Segment Start: GIVEN DATA

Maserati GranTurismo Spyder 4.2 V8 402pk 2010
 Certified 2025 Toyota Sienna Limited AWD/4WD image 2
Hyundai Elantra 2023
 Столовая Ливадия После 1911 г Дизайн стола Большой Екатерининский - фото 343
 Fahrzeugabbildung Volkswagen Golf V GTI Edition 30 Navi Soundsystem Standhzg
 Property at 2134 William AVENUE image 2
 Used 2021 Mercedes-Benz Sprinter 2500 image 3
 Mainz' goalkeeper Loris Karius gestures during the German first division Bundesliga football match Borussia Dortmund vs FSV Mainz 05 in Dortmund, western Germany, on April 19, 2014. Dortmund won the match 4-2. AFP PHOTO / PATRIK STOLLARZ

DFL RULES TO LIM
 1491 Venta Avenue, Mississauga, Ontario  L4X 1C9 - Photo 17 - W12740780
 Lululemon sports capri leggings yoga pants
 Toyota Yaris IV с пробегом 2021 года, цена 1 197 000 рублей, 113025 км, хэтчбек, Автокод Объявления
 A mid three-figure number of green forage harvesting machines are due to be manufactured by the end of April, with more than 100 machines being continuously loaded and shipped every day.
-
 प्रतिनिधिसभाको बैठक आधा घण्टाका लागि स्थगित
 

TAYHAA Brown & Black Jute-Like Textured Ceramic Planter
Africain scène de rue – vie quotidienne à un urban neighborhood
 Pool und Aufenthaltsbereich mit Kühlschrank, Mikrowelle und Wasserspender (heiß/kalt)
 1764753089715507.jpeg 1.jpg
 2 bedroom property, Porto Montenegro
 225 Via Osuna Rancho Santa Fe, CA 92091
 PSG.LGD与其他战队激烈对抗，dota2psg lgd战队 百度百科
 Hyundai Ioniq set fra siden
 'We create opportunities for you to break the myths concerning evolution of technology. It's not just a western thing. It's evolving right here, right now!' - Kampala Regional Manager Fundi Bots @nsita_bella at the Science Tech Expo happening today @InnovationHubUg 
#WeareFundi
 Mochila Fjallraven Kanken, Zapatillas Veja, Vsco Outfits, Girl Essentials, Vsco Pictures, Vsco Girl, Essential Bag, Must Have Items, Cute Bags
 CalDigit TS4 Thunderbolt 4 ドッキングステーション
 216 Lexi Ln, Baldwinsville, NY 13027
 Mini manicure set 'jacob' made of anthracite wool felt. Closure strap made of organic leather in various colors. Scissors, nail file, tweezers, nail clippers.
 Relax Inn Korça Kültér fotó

Segment End: GIVEN DATA

# AIM OF THE TASK
Every line of the data above that contains the word "image" should be counted; please give the total alone.

# TASK ANSWER
3